Gutter capacity & flow reference

How much roof each gutter size can drain at a given rainfall intensity.

Typical published planning values — NOT a certified design. Actual gutter sizing depends on local rainfall intensity, roof geometry, valleys and debris; follow local code and the manufacturer’s data, and consult a pro for complex roofs. Structural roof-load, ice-dam / heat-cable and foundation/yard drainage are set by code and a professional — not engineered here.

Calculator

in/hr
Local 5-min / 100-yr design storm
Result
5" K-style2,500 ft²
6" K-style3,840 ft²
7" K-style5,520 ft²
5" half-round1,920 ft²
6" half-round2,500 ft²

At 6 in/hr, a 5" K-style gutter drains about 2,500 ft² of roof and a 6" K-style about 3,840 ft². These are typical published planning values that scale inversely with rainfall intensity — confirm your local rainfall and follow local code.

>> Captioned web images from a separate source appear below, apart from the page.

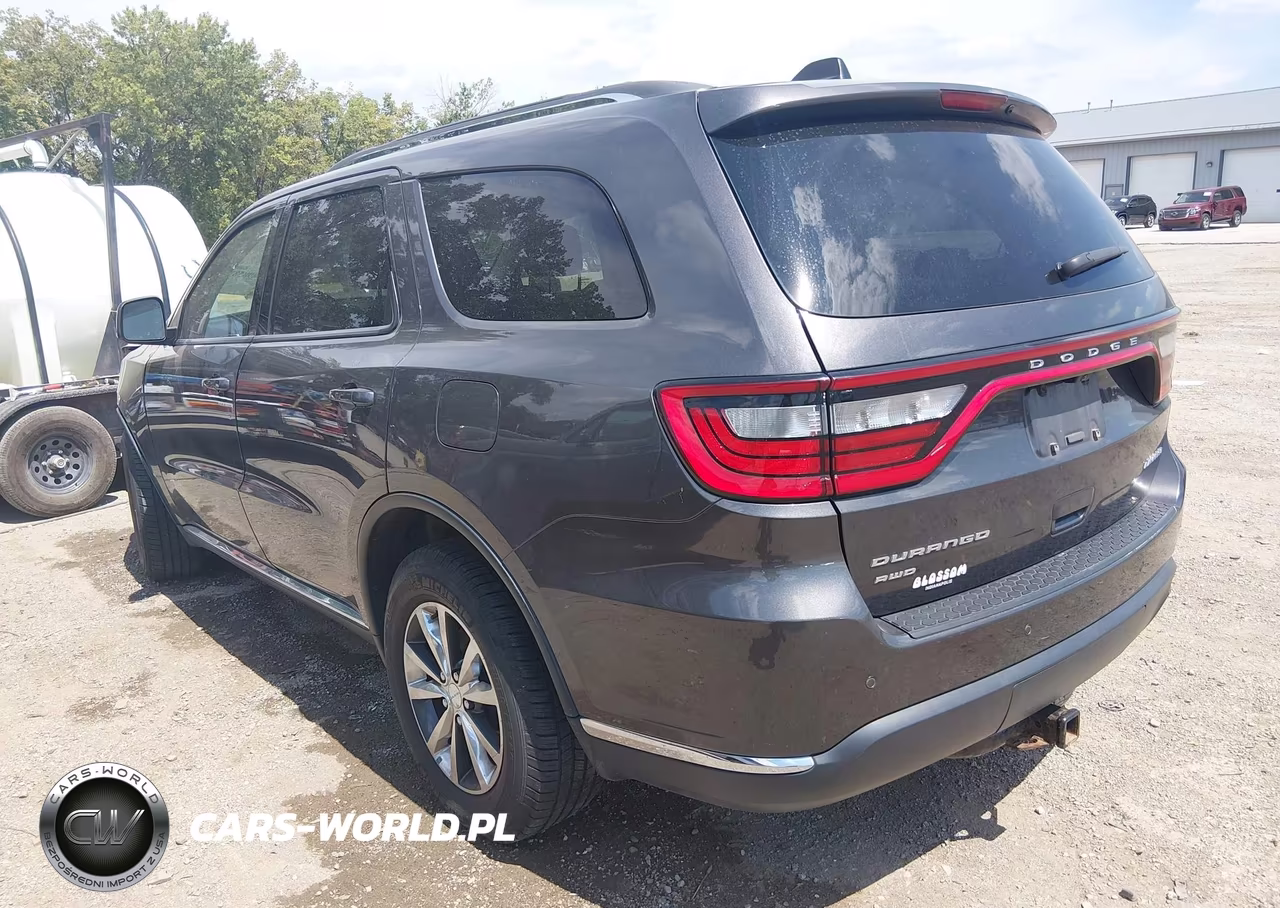2016 Dodge Durango Limited VIN:1C4RDJDG3GC460111 - 3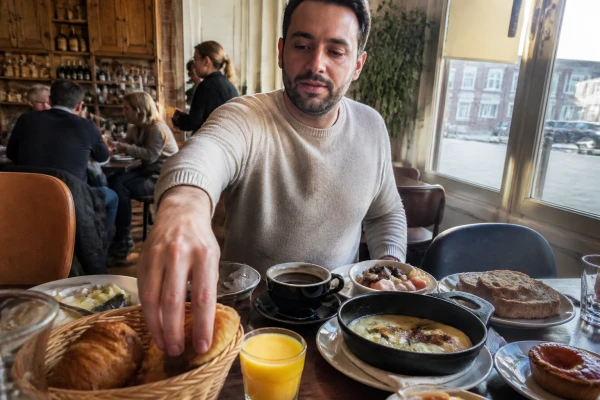 Déjeuner Gourmand billy montigny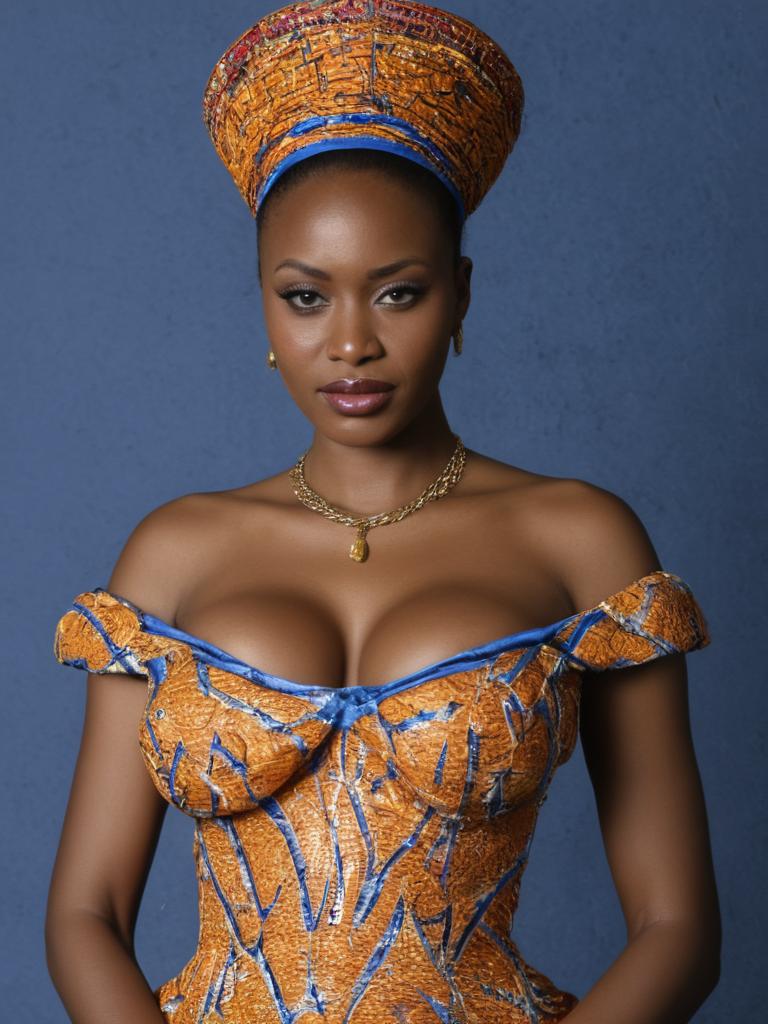 Tzinga or Tasha of The Congo/Africa: Queen/Empress avatar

This is the lookup behind the size calculator: how many square feet of roof each gutter size can drain, at the rainfall intensity you set. Dial the intensity up and every capacity drops — hard rain is what overwhelms a gutter.

Use it to sanity-check a size, compare profiles, or see how much margin you have before an outlet overflows. The numbers come straight from the signature drainage dataset.

Formula

max_area(size) = base_at_6in/hr × 6 ÷ rainfall_in/hr

Each size has a base capacity at 6 in/hr. Capacity scales inversely with intensity: halve the rain and a size drains twice the roof; double the rain and it drains half.

Worked example

At 6 in/hr:

  • 5" K-style ≈ 2,500 ft²
  • 6" K-style ≈ 3,840 ft²
  • 7" K-style ≈ 5,520 ft²
  • 5" half-round ≈ 1,920 ft²
  • 6" half-round ≈ 2,500 ft²

Notice a 5" half-round (1,920) carries less than a 5" K-style (2,500) — that is why half-round often needs to go one size larger. And a 6" K-style handles roughly 50% more roof than a 5".

Reading the numbers

  • They are per outlet-fed run. A run with two downspouts effectively splits the load — the table is the capacity a single well-drained run of that size can carry.
  • Half-round runs shallower. Its semicircular section holds less water than a K-style of the same nominal width, so it drains less roof.
  • Debris cuts real capacity. Leaves and grit narrow the effective channel — leave margin, or plan on guards in tree cover.
  • Labeled planning values. Confirm your local rainfall and follow local code — this is not a certified hydraulic design.

Reference table

Gutter size2 in/hr4 in/hr6 in/hr8 in/hr
5" K-style7,5003,7502,5001,875
6" K-style11,5205,7603,8402,880
7" K-style16,5608,2805,5204,140
5" half-round5,7602,8801,9201,440
6" half-round7,5003,7502,5001,875

Max roof area (ft²) a size can drain, by rainfall intensity. Labeled SMACNA-style planning values that scale inversely with intensity (base at 6 in/hr × 6 ÷ intensity). See the full dataset.

Frequently asked questions

How much roof can a 5-inch gutter drain?
At 6 in/hr, about 2,500 ft² for a 5" K-style. Capacity scales with rainfall — roughly 3,750 ft² at 4 in/hr and 1,875 ft² at 8 in/hr.
How much more does a 6-inch gutter carry?
A 6" K-style handles about 3,840 ft² at 6 in/hr versus 2,500 ft² for a 5" — roughly 50% more roof area, and it clogs less.
Why does harder rain reduce capacity?
The gutter carries a fixed flow; a more intense storm delivers water faster, so the same gutter can only keep up with a smaller roof. Capacity is inversely proportional to rainfall intensity.
Does half-round drain less than K-style?
Yes. A half-round’s semicircular channel holds less water than a K-style of the same nominal size, so it drains less roof — often enough to require going one size up.